Brief descriptive captions:
>>>>
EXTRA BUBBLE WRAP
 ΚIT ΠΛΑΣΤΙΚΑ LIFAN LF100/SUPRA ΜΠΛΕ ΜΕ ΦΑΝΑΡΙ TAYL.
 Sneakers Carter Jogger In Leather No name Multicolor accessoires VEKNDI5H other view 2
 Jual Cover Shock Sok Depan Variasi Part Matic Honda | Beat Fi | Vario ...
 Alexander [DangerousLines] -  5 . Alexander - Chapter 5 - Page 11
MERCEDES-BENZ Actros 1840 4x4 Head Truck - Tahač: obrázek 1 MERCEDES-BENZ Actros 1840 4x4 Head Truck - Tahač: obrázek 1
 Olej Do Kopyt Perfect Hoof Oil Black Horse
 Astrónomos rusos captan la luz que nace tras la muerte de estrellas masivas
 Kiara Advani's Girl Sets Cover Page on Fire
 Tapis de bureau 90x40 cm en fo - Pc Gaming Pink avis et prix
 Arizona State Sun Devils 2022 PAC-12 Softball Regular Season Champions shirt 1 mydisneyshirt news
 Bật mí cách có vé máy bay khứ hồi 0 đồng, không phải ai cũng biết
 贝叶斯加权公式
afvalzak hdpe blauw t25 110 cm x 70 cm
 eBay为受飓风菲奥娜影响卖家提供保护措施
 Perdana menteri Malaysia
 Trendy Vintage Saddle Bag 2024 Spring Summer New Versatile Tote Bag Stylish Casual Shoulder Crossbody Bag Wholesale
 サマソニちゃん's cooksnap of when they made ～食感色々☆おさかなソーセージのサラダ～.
<<<<
With the entries above as the source, set down exactly the lines from the one holding "5 - Page 11" through the last line, both ends included.

*Answer to the exercise:*
 Alexander [DangerousLines] -  5 . Alexander - Chapter 5 - Page 11
MERCEDES-BENZ Actros 1840 4x4 Head Truck - Tahač: obrázek 1 MERCEDES-BENZ Actros 1840 4x4 Head Truck - Tahač: obrázek 1
 Olej Do Kopyt Perfect Hoof Oil Black Horse
 Astrónomos rusos captan la luz que nace tras la muerte de estrellas masivas
 Kiara Advani's Girl Sets Cover Page on Fire
 Tapis de bureau 90x40 cm en fo - Pc Gaming Pink avis et prix
 Arizona State Sun Devils 2022 PAC-12 Softball Regular Season Champions shirt 1 mydisneyshirt news
 Bật mí cách có vé máy bay khứ hồi 0 đồng, không phải ai cũng biết
 贝叶斯加权公式
afvalzak hdpe blauw t25 110 cm x 70 cm
 eBay为受飓风菲奥娜影响卖家提供保护措施
 Perdana menteri Malaysia
 Trendy Vintage Saddle Bag 2024 Spring Summer New Versatile Tote Bag Stylish Casual Shoulder Crossbody Bag Wholesale
 サマソニちゃん's cooksnap of when they made ～食感色々☆おさかなソーセージのサラダ～.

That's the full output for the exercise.